What is expected: Would you please reproduce all the entries exactly, leaving the pictures out?

Supplied information:
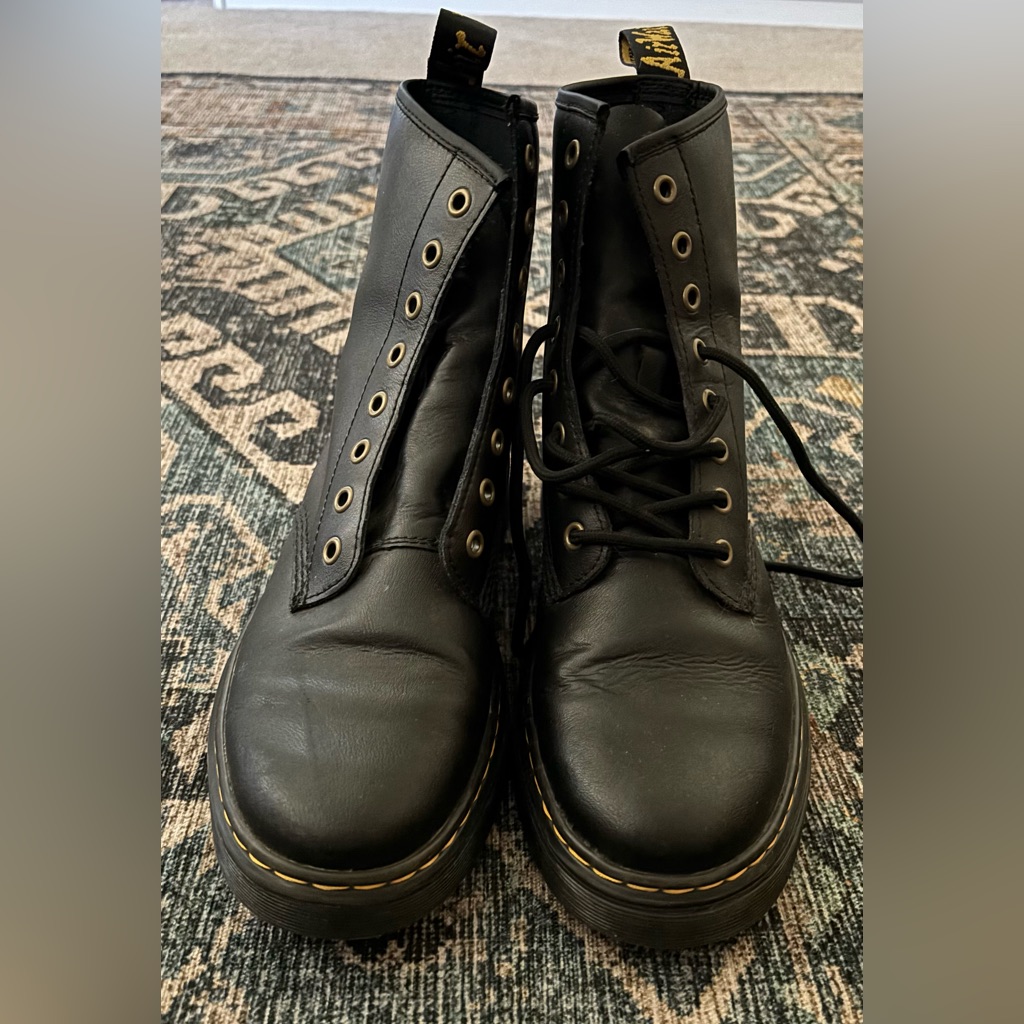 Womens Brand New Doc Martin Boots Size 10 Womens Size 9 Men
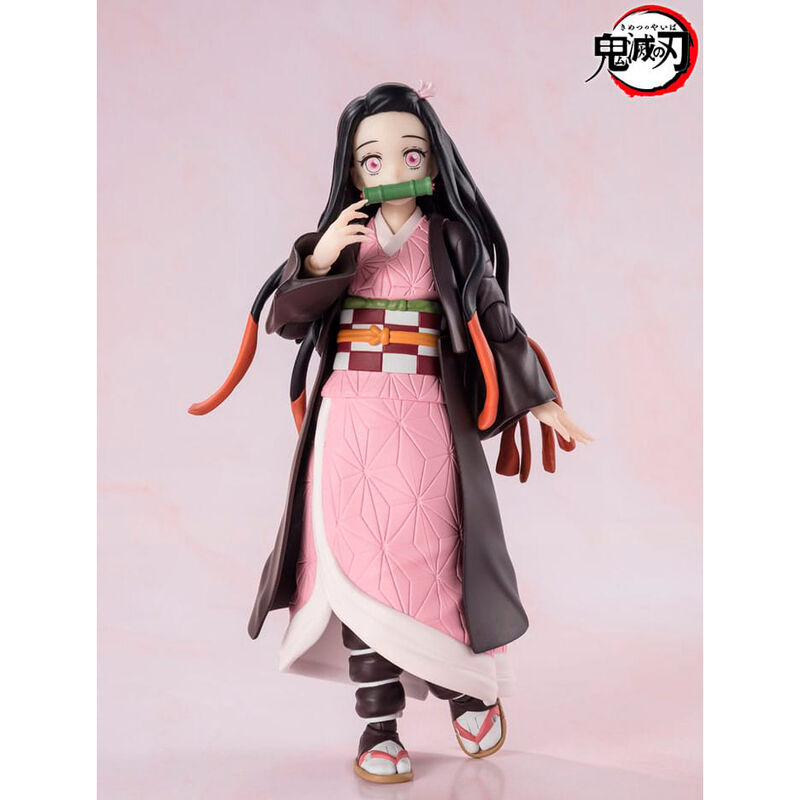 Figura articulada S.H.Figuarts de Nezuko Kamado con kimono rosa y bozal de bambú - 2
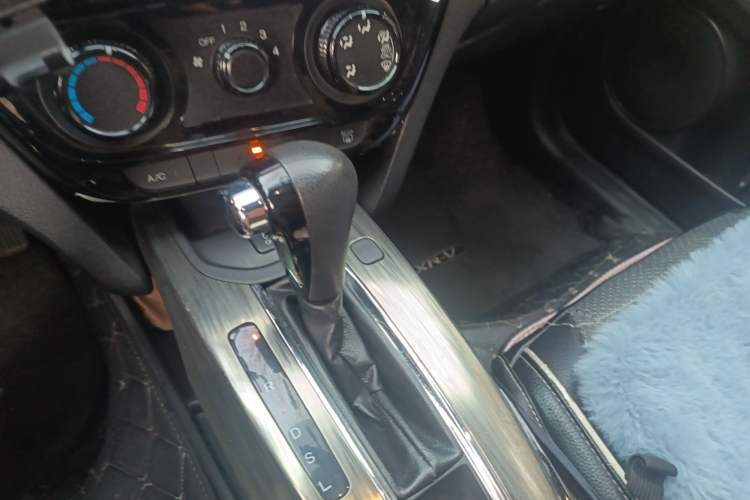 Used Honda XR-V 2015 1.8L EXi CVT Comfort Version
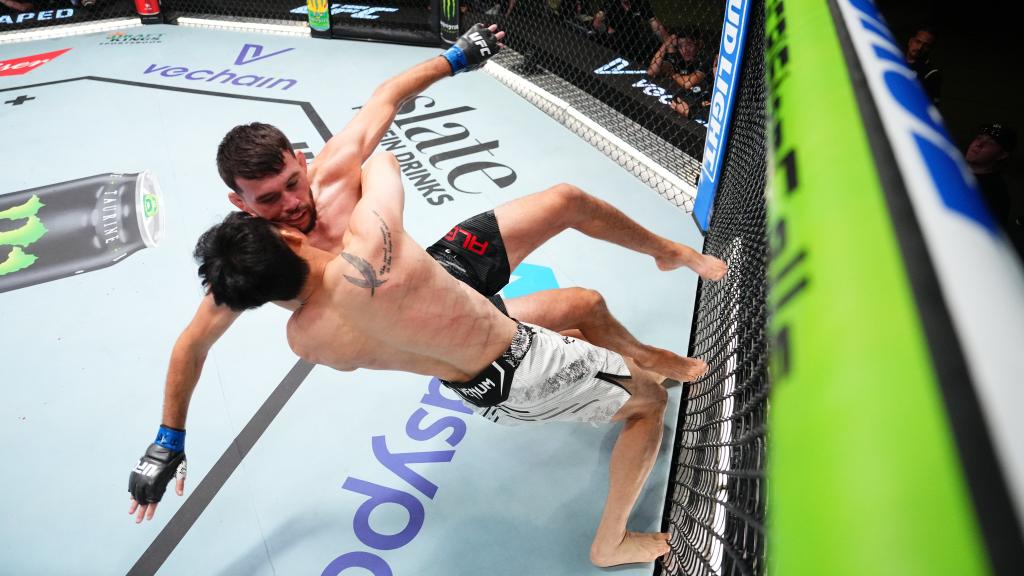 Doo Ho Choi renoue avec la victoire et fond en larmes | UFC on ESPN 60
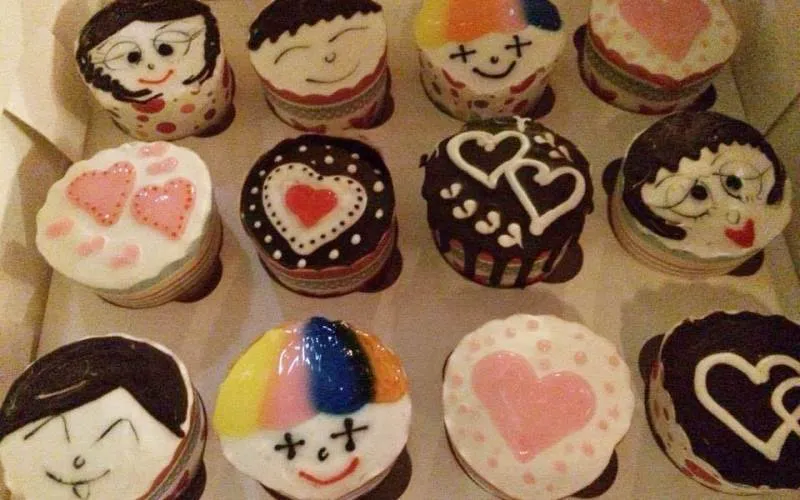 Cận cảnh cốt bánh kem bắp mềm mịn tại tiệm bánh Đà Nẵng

Result of the task:
 Womens Brand New Doc Martin Boots Size 10 Womens Size 9 Men
 Figura articulada S.H.Figuarts de Nezuko Kamado con kimono rosa y bozal de bambú - 2
 Used Honda XR-V 2015 1.8L EXi CVT Comfort Version
 Doo Ho Choi renoue avec la victoire et fond en larmes | UFC on ESPN 60
 Cận cảnh cốt bánh kem bắp mềm mịn tại tiệm bánh Đà Nẵng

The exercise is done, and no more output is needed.